Employee Privacy Policies
This is the expectation of privacy within the organization. If employee monitoring takes place it should be stated. If the organization will monitor email and Internet access is should be documented.
Customer Privacy Policies
This should include whether the organization may share or sell that information. There should be a demarcation between identifiable personal information and public personal information. There is a big difference between sharing a phone number and disseminating credit or health information.
Enforcement Policy
Enforcement policies are technical standards and guidelines for the configuration of security enforcement devices. These include:
Firewall Policies
Documents the role of an organization's firewall in the security program. This includes how the firewall is configured and used to enforce the company's security policy. Host and appliance initial setup, patches, fixes and updates, properties, network address translation (NAT), change control, and policy review.
Intrusion Detection
How intrusion detection fits into the company's overall security program, the goals of intrusion detection, specific configuration options, initial setup, patches, fixes and updates.
Content Filtering Systems
How these systems and subsystems are configured to support the organization's security program. Email and Web filter configurations that goals and specific settings, initial setup, patches, fixes and updates.
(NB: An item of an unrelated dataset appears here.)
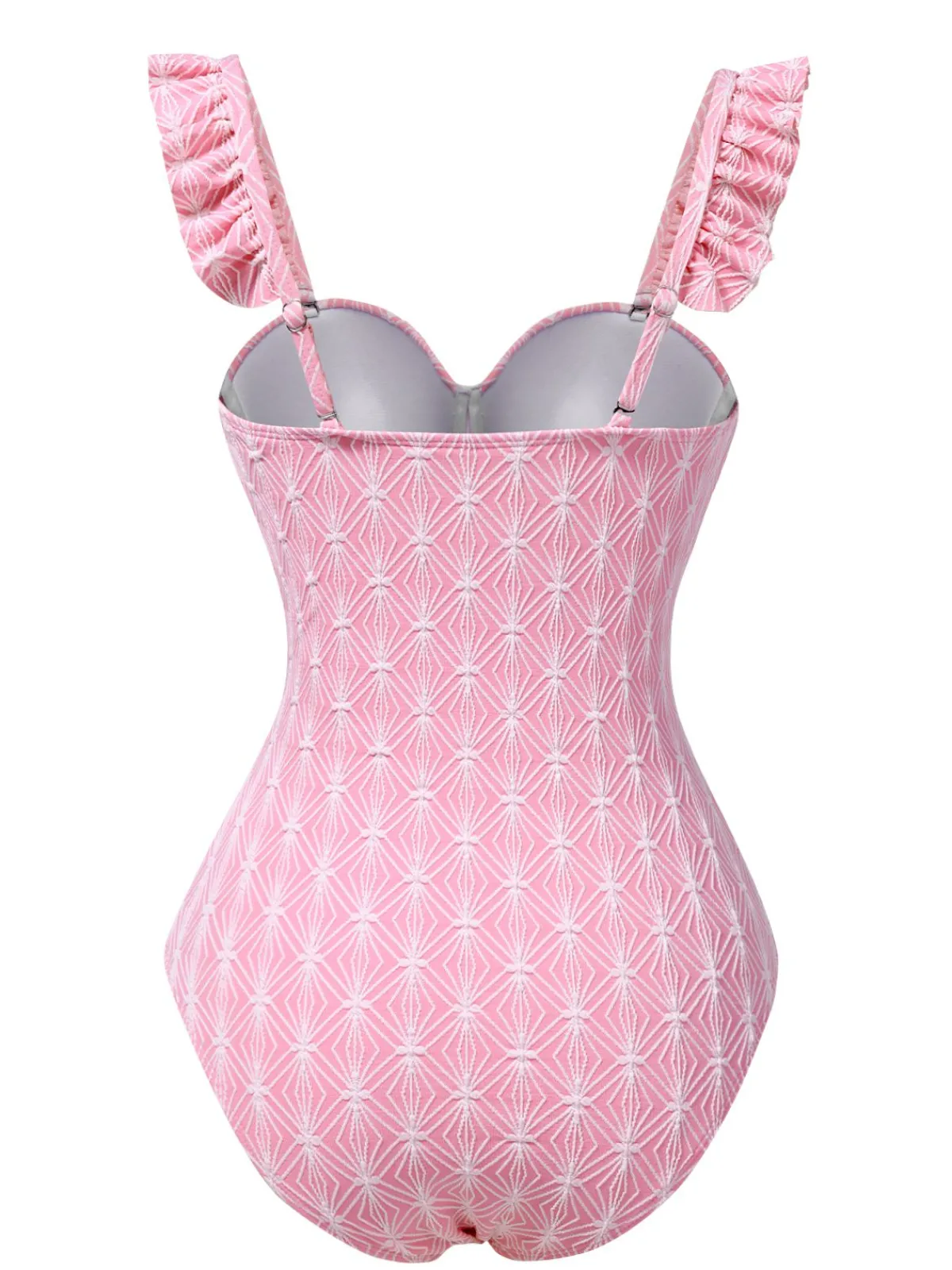 Outlet Retro Stage 1950s Geometric Ruffled One-Piece Swimsuit Pink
Other enforcement policies may include
Access Control Lists,
Authentication Server
Logging & Monitoring Policy
Logging and Monitoring policies have a major impact in an organization's day-to-day security. To much logging will reduce the effectiveness or the logging as limited resources are spread too thin. Too little logging and the organization risks missing vital data.
Well thought out logging policies can help an organization:
- Maintain the proper levels of personnel
- Detect intrusions and compromises
- Detect equipment failures and prevent down time.
- Provide qualitative data for capacity planning
The idea is to ensure that the most important data is capture, reviewed, and acted upon in a timely manner. Logging policies should include notification procedures, guidelines for log review intervals, retention standards, and response time expectations.
Logs are becoming more important and, in some cases, logging can become a liability to an organization. By logging Internet access, customer activity, email messaging, and other types of logging; the organization may be asked to produce those logs for criminal and civil investigations. It is important that the organization have an aging policy that deletes older logs.
Determining the information logged, the retention levels, aging policies, the review interval, and notification procedures an organization can reduce their risks and liabilities while retaining more valuable information.